In this fourth article of our Apache Spark series (see Part I, Part II and Part III), we present another real-life use case that we faced at Teads and cover methods to consider when optimizing a Spark job. For those who are not familiar with Spark User Defined Aggregation Functions (UDAF), we take a relatively simple but useful example when dealing with sparse arrays (an array of data in which many elements have a value of zero).

Business Context

At Teads, we deliver ads to 1.5 billion unique users (called viewerId or vid) every month. We use an unsupervised machine learning algorithm to create clusters of those users based on a set of features. This clustering is soft, meaning that for each user we compute the probability to belong to each of our clusters (we have 100 clusters in this example):

+-----+---------+------------------------------+
| vid | country | probas // has as length 100 |
+-----+---------+------------------------------+
| 1 | US | [0.1, 0, 0.02, 0.6,...,0] |
| 2 | FR | [0.5, 0, 0.15, 0.07,...,0.3] |
| 3 | FR | [0.3, 0.04, 0.35, 0,...,0] |
+-----+---------+------------------------------+

This clustering has various applications, ranging from improving our prediction models to creating custom user segments (predefined lists of people sharing some known properties). For some of them, we need to normalize the resulting probabilities by their average at different levels. In our example, we calculate the average probabilities by country.

Input data

The input is the dataset described above. But we store sparse and short-encoded arrays to S3 to reduce storage costs.

Sparse arrays

Since our arrays are very sparse, we only want to store significant values (above some thresholds) into two arrays:

  1. Array 1: indices of non-negligible values (values above a certain threshold)
  2. Array 2: values corresponding to those indices

For example, considering a threshold of 0.1 and supposing that the missing values in the above table are zeros, the sparse version would be:

+-----+---------+-------------+------------------+
| vid | country | index | probas |
+-----+---------+-------------+------------------+
| 1 | US | [0, 3] | [0.1, 0.6] |
| 2 | FR | [0, 2, 99] | [0.5, 0.15, 0.3] |
| 3 | FR | [0, 2] | [0.3, 0.35] |
+-----+---------+-------------+------------------+

Short encoding:

We store this data in snappy Parquet files and encode probabilities as Short to further reduce the size of the dataset.
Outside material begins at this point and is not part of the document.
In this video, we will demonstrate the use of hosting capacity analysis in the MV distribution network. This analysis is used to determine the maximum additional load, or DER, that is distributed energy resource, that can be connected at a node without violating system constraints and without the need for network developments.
The encode to short function

After this processing, our input dataset looks like this:

+-----+---------+-------------+--------------------+
| vid | country | index | probas |
+-----+---------+-------------+--------------------+
| 1 | US | [0, 3] | [-26214, 6553] |
| 2 | FR | [0, 2, 99] | [0, -22937, -13107]|
| 3 | FR | [0, 2] | [-13107, -9830] |
+-----+---------+-------------+--------------------+

Excepted output

We would like to decode these Short values to probabilities, have the sum of all probabilities per array be equal to 1, and then compute an average by array index (aka cluster). Here is the step by step illustration of what we want to achieve:

Step 1 — Probabilities are decoded back to Double.
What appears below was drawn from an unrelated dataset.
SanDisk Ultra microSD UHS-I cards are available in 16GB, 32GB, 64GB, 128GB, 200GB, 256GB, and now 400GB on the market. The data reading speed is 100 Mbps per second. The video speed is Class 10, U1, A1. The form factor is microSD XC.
+-----+---------+-------------+--------------------+
| vid | country | index | probas |
+-----+---------+-------------+--------------------+
| 1 | US | [0, 3] | [0.1, 0.6] |
| 2 | FR | [0, 2, 99] | [0.5, 0.15, 0.3] |
| 3 | FR | [0, 2] | [0.3, 0.35] |
+-----+---------+-------------+--------------------+

Step 2 — Probabilities are normalized, the sum of probas should equal 1 for each user.

+-----+---------+-------------+--------------------+
| vid | country | index | probas |
+-----+---------+-------------+--------------------+
| 1 | US | [0, 3] | [0.14, 0.86] |
| 2 | FR | [0, 2, 99] | [0.52, 0.16, 0.32] |
| 3 | FR | [0, 2] | [0.46, 0.54] |
+-----+---------+-------------+--------------------+

Step 3 — We calculate, by country, the average membership of people to each cluster.

+---------+-------------------------------+
| country | probas // length = 100 |
+---------+-------------------------------+
| US | [0.14, 0, 0, 0.86, 0, …, 0] |
| FR | [0.49, 0, 0.35, 0, …, 0.16] |
+---------+-------------------------------+

Implementation 1: use Spark native `average` function on dense arrays

The first intuition was to create a UDF that decode and normalize data and a second one to densify the arrays. We could have a single one to do the 3 operations. Having elementary UDFs is a best practice, check the “Avoid UDFs or UDAFs that perform more than one thing” paragraph in Part I for more details.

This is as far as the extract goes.